Avoiding Echo-Responses in a Retrieval-Based Conversation System

Fedorenko, Denis; Smetanin, Nikita; Rodichev, Artem

doi:10.1007/978-3-030-01204-5_9

Part of the book series: Communications in Computer and Information Science ((CCIS,volume 930))

Included in the following conference series:

Conference on Artificial Intelligence and Natural Language

888 Accesses
3 Citations
2 Altmetric

Abstract

Retrieval-based conversation systems generally tend to highly rank responses that are semantically similar or even identical to the given conversation context. While the system’s goal is to find the most appropriate response, rather than the most semantically similar one, this tendency results in low-quality responses. We refer to this challenge as the echoing problem. To mitigate this problem, we utilize a hard negative mining approach at the training stage. The evaluation shows that the resulting model reduces echoing and achieves better results in terms of Average Precision and Recall@N metrics, compared to the models trained without the proposed approach.

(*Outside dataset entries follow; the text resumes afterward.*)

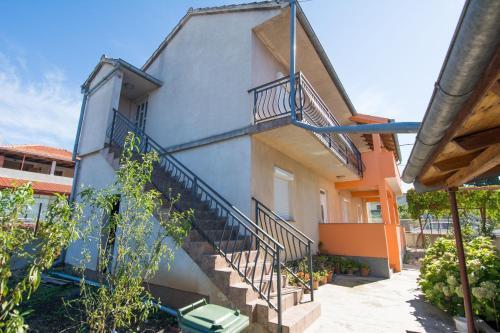 Apartments Sea Tang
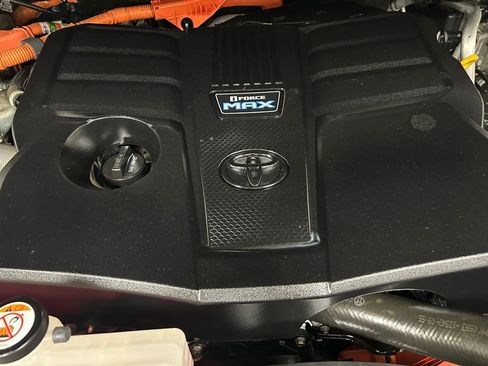 Used 2023 Toyota Tundra Platinum AWD/4WD image 10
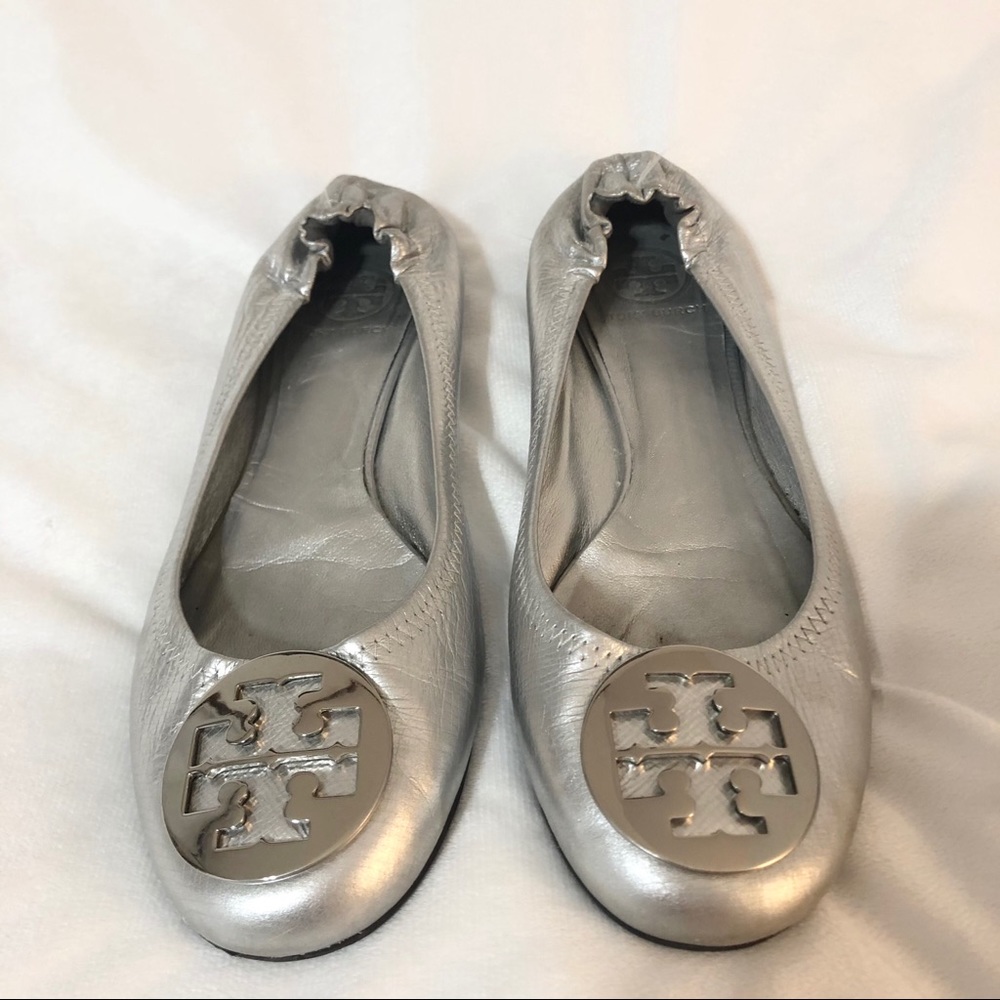 Tory Burch Reva Silver Metallic Flats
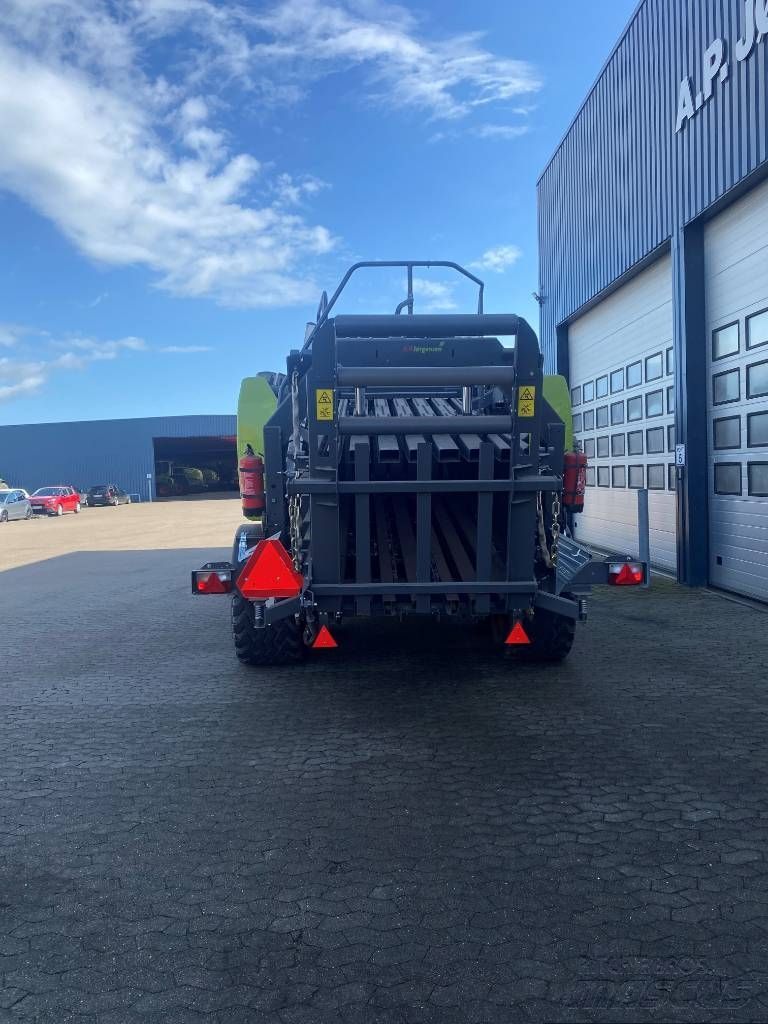 E-FARM: Claas Quadrant 5300 RF - Ballenpresse - id RMXPNXV - 106.580 € - Baujahr: 2019 - Ballenanzahl: 13.000,Dänemark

Access provided by CONRICYT-eBooks. Download conference paper PDF

Reranking of Responses Using Transfer Learning for a Retrieval-Based Chatbot

An Adaptive Response Matching Network for Ranking Multi-turn Chatbot Responses

Predicting Question Responses to Improve the Performance of Retrieval-Based Chatbot

Keywords

1 Introduction

The task of a retrieval-based conversation system is to select the most appropriate response from a set of responses given the input context of a conversation. The context is typically an utterance or a sequence of utterances produced by a human or by the system itself. Most of the state-of-the-art approaches to retrieval-based conversation systems are based on deep neural networks (NNs) [14, 16]. Under these approaches, the typical response selection pipeline consists of the following steps [2]:

1.
Encode the given context and pre-defined response candidates into numeric vectors, or thought vectors, using NNs;
2.
Compute the value of a matching function (matching score) for each pair consisting of a context vector and each response candidate;
3.
Select the response candidate with the highest matching score.

During step 1, in order to obtain thought vectors that fairly represent semantics of input contexts and responses, the conversation model is preliminarily trained to return high matching scores for true context-response pairs and low for false ones.

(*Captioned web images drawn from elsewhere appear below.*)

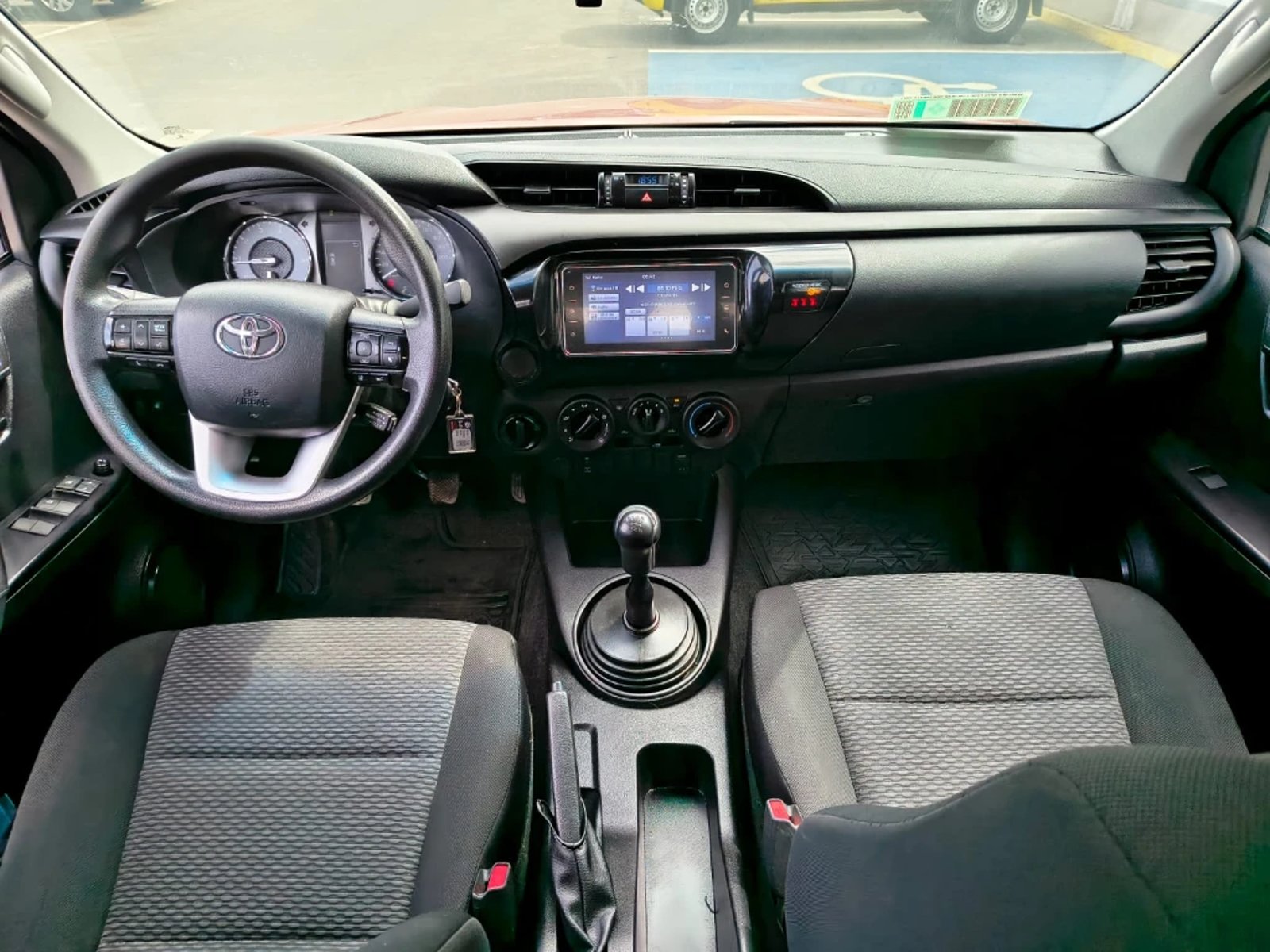 Toyota Hilux 2024 - Imagen 12 de 20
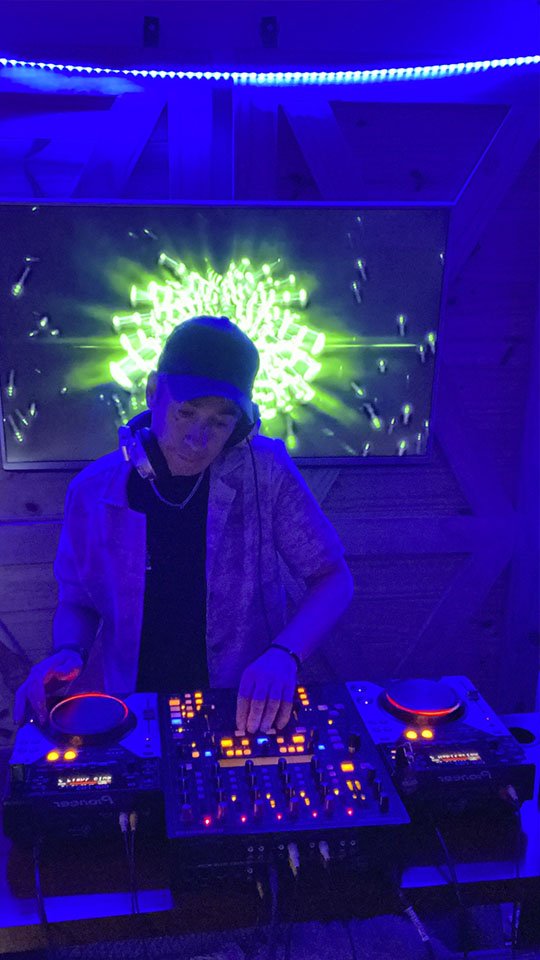 FLX22 dj de música electrónica. Deep House - Tech House - Old School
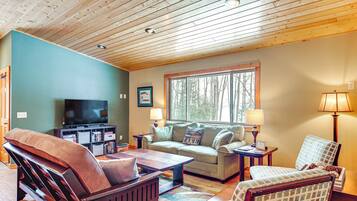 Rumah (2 Bedrooms) | Interior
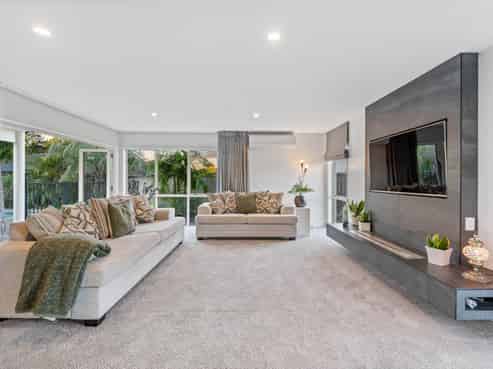 16 Windfall Grove, Greenhithe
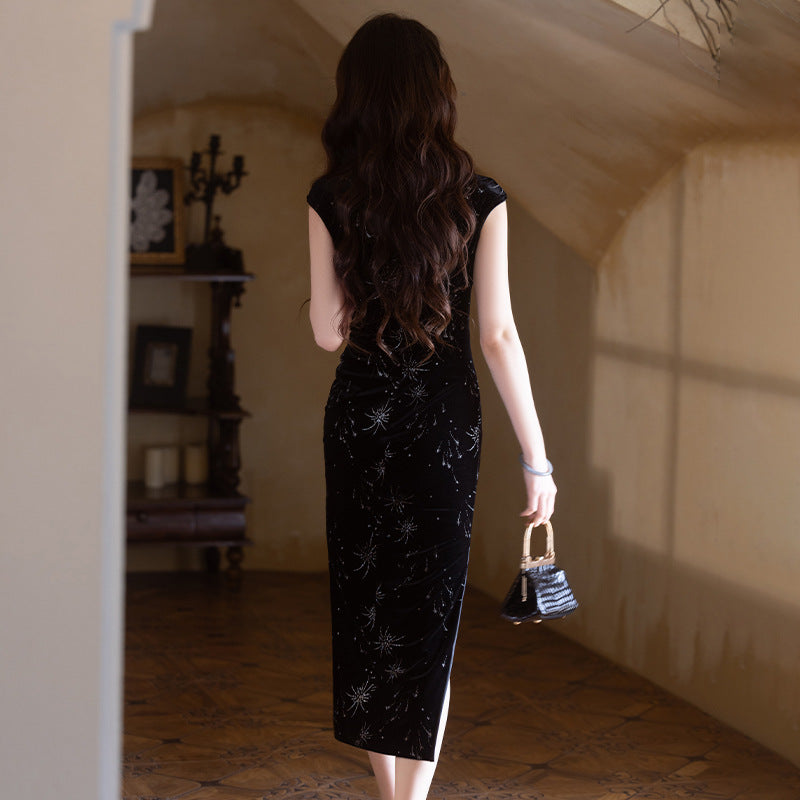 Elegant Vintage-Inspired Velvet Cheongsam Slim-Fit Long Qipao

The challenge we faced while building the above pipeline was that the resulting model often returned high matching scores for semantically similar contexts and responses. Consequently, the model frequently repeated or rephrased input contexts instead of giving quality responses.

Consider the following conversations:

A.
Context: “What is the purpose of living?”

Response: “What is the purpose of existence?”
B.
Context: “What is the purpose of living?”

Response: “It’s a very philosophical question.”

The effect of rephrasing, or echoing, in conversation A in contrast to the appropriate response in conversation B can be explained by the above pipeline. It is a result of the fact that contexts and responses often contain the same concepts [4, 13], hence during training on conversational datasets the NNs simply end up trying to fit the semantics of the input. The similar effect, named “lexical repetition”, was also observed in [9].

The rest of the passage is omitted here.